Wednesday, December 10, 2008

Blue Origin's New Shepard Rocketship

Billionaire Jeff Bezos of Amazon.com fame has been putting his money into a new project for several years now – Blue Origin is the name of this company and they are developing a reusable spaceship known as “New Shepard” that looks like a egg standing on four legs. It is in fact – a Dropship. Please go back to the September archive on this blog to look for a article about the 10th anniversary of the First Single-Stage-to-Orbit test vehicle – “DC-X What the Future SHOULD Have Been” (September 10, 2008).

The New Shepard is designed to fly multiple astronauts into suborbital space at very competitive prices. First tests of the vehicle have been staged at their private launch site in West Texas, not too far from El Paso, Texas. Blue Origins plan, aside from offering flights to tourists, would provide opportunities for scientists to fly their experiments into space and in a microgravity environment. And they have been getting some help from NASA's Alan Stern, the former chief of space science. First remotely controlled or unpiloted flights can begin as early as 2011 with the first manned launches to follow within a year of that target date.

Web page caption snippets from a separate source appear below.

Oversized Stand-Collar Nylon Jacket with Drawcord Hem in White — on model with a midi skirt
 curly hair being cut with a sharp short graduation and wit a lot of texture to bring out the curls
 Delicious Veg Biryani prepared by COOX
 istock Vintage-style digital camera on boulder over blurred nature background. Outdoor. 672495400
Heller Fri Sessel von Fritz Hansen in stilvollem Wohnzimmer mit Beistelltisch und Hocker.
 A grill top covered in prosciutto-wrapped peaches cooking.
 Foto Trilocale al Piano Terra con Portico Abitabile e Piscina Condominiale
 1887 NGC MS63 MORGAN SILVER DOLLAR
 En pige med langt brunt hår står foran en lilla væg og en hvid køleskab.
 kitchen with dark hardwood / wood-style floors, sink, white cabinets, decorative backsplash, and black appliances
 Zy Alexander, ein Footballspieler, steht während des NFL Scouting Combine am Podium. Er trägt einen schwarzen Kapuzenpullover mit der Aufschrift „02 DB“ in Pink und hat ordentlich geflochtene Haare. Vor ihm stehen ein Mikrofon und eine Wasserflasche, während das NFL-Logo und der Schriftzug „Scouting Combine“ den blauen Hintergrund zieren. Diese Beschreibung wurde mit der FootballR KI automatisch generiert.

The New Shepard vehicle consist of a pressurized Crew Capsule carrying the experiments and astronauts atop the Propulsion Module. Once in space, the Crew Capsule separates from the Propulsion Module and the two craft will reenter the atmosphere separately. The Crew Capsule will land softly under a parachute at the launch site. The Crew Capsule is reported to be able to carry three of more astronauts depending on the mission profile.


Ref. : Space.com ( http://www.space.com/missionlaunches/081208-blue-origin-stern.html ). Article by Leonard David posted December 8, 2008. “Secretive Space Vehicle Tested at Private Texas Site”

Thursday, October 2, 2008

A New Means of Getting to Space

Last month, I pointed out a article about the anniversary of the DC-X(Single-Stage-To-Orbit, Vertical Take-Off, Vertical Landing) demonstrator technology. After reading about it in Space.com, I was looking around on that website and there was a link to a new book entitled: Floating To Space. The Airship To Orbit Program by John M. Powell. Looking at their website and the photographs there, I decided to order the book and read it.

I was impressed. The book includes a DVD and I watched that first. It was film clips of their test flights and airship to orbit proposal. All of this comes from a company called JP AEROSPACE. And going by the time line in the appendix, this began all the way back in December of 1993 with suspended rocket test launch series (as in firing a rocket suspended from a line connected to a launch balloon).

Now the concept of using balloons to get to outer space has been around for a long time and Mr. Powell cites a 1913 book by B. Krasnogorskii called “On the Waves of the Ether.” There are other examples in science fiction of floating cities such as the Cloud City in the Original Star Trek TV series (Stratos) and in the Star Wars movie “The Empire Strikes Back” the cloud city of Bespin.

But wait, what does floating cities have to do with airships going up to space? Simple it seems. A cloud city will serve as the second stage of a three stage system using airship technology. The first stage is a large “V” shape airship known as “Stage One Airship” which would be about 800 feet long and 150 feet tall. This makes it larger than the U.S. Navy's Macon or the German Graf Zeppelin. And with modern materials, the lifting capacity is much better than in the 1920s and 1930s. This stage has the biggest challenge. It must be able to climb up to 140,000 feet altitude to dock with the second stage.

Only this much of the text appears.